There remains, however, one more feature of the airline industry that we should consider with respect to the issue of fortress hubs. Specifically we need to consider the way in which airports are constructed and operated in the United States. Airports have typically been constructed and operated as public enterprises. That is, they are government owned and operated. The funding to construct airports has come from local bond issues and from federal funds. To obtain gates and landing slots the airlines sign use agreements with the public authorities assigned the task of overseeing airport operations.
There are two types of use agreements commonly employed. They are the compensatory agreement and the residual cost agreement. A compensatory agreement is a standard type of contract. The airline agrees to compensate the airport authority for its use of the facilities according to the terms of the agreement. The rates for leasing gates and for landing and take-off slots are spelled out in the agreement. Under this type of contract the financial risk of the airport remains with the airport authority.
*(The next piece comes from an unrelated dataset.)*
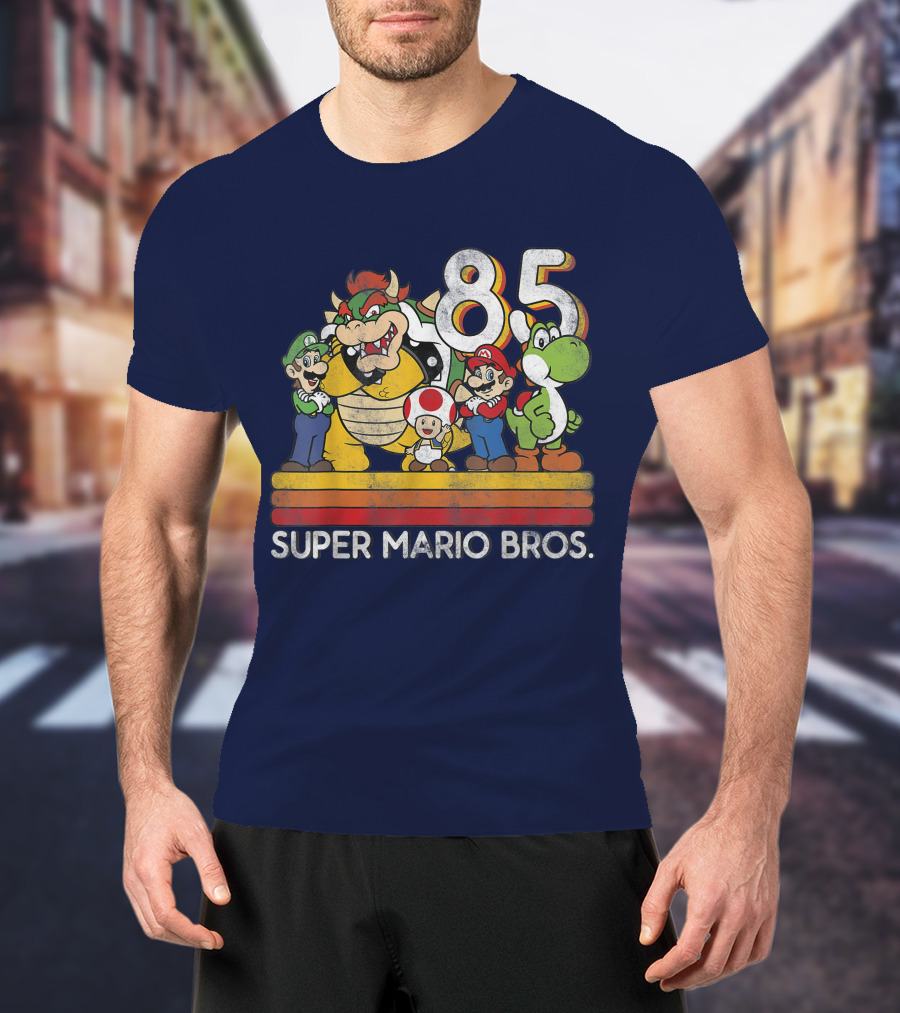 Super Mario Bros. 85 Retro Character Line Up T-Shirt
A residual cost agreement is somewhat different. Under the terms of this contract the airlines agree to pick up any additional costs of the airport not covered by previous payments for gates, landing and take-off slots, concessions and other ground-related revenues. This contract shifts the financial liability from the airport authority to the airlines. In particular, the airline most at risk is the one with the dominant presence at the airport using such a contract.
Dominant airlines have been unwilling to sign these agreements without the inclusion of a “majority-in-interest clause.” A majority-in-interest clause allows the airline underwriting the burden of the financial risk the power to control future capital decisions. Thus a dominant airline could prevent the expansion of the airport if the proposed construction did not meet its own time frame for expansion. In a very real sense, the airline would be in a position to thwart entry because of the nature of the use agreement.
The problem in this case is not a competitive airline industry. Rather the problem is a socialized system of airports. If the airports were privatized this problem would vanish, for an entrepreneurial airport would seek profitable airport expansions. Someone might try to argue that airlines which currently have the majority positions at airports would end up purchasing the airports so as to continue to limit entry and competition; but this argument is weak. In this case the airline would be pitted against itself. Should it operate its airport at a less than optimal level and take a loss on the airport for the sake of its air passenger service? I think the answer is no. Through the fortress hub situation the competitive airline industry has revealed to us another industry which needs to be competitive.
What will happen to the airline industry in the future? Will it be re-regulated as the industry prognosticators have forecast or will it remain competitive? Will we ever seriously consider privatizing the airports or will we continue to operate them as relics from the past? For now we don’t know the answers to these questions. Let us hope that we will have the common sense to maintain and enjoy not only a competitive airline industry, but a competitive airport industry to match.